▸ **What is needed**: An exact copy of the data is needed, one that excludes all pictures.

▸ **Given material**:

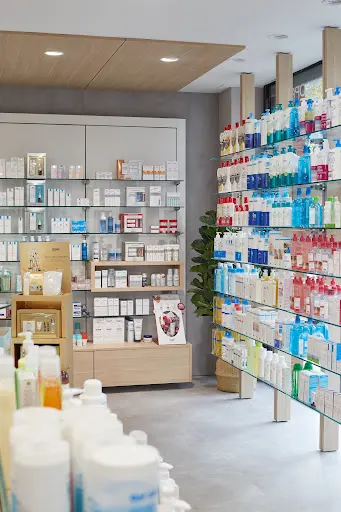 Farmacia Farmàcia Roca Mir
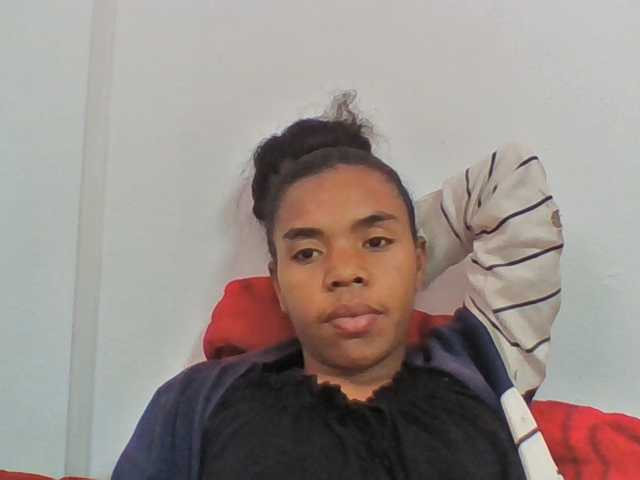 Emelie1a live cam preview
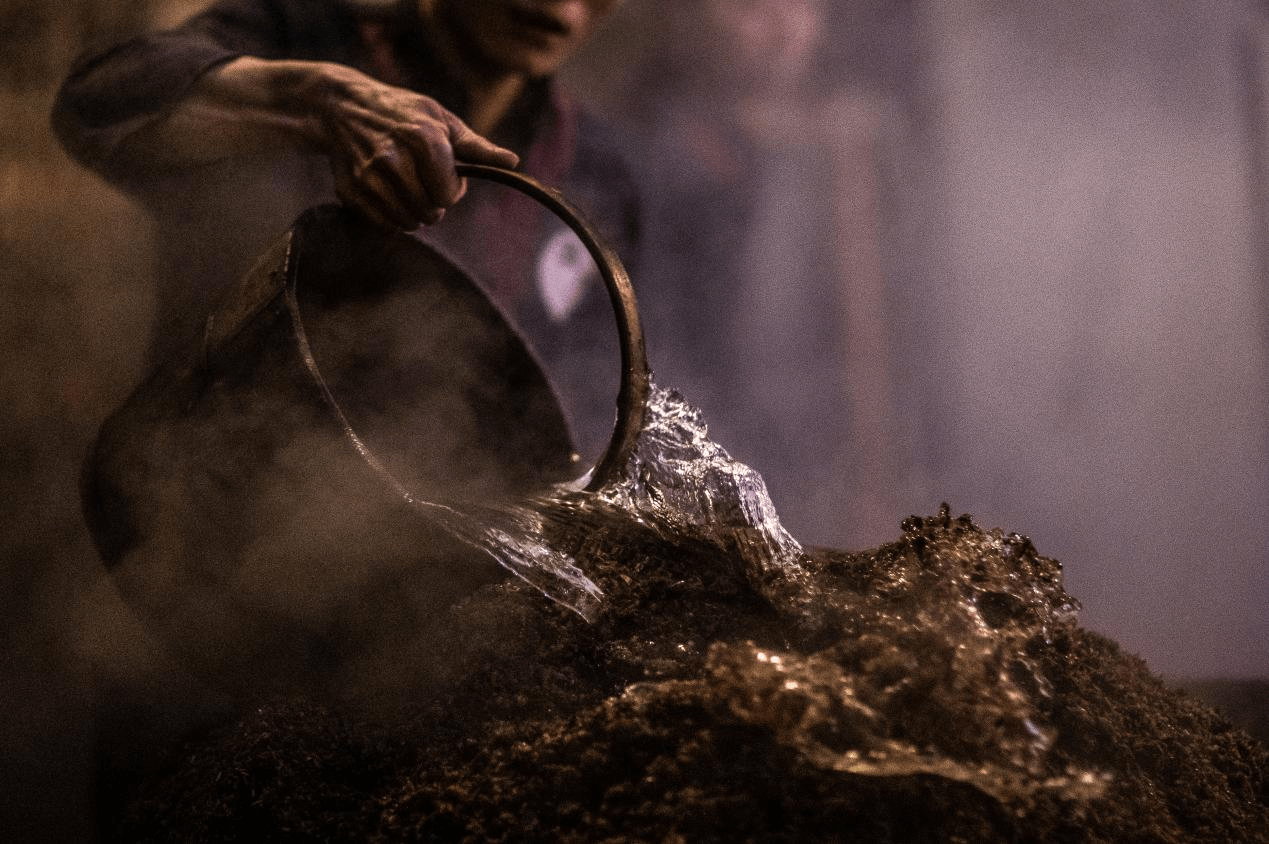 五粮液:水与酒交织的世界名酒故事_酿酒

▸ **Solution to the problem**:
 Farmacia Farmàcia Roca Mir
 Emelie1a live cam preview
 五粮液:水与酒交织的世界名酒故事_酿酒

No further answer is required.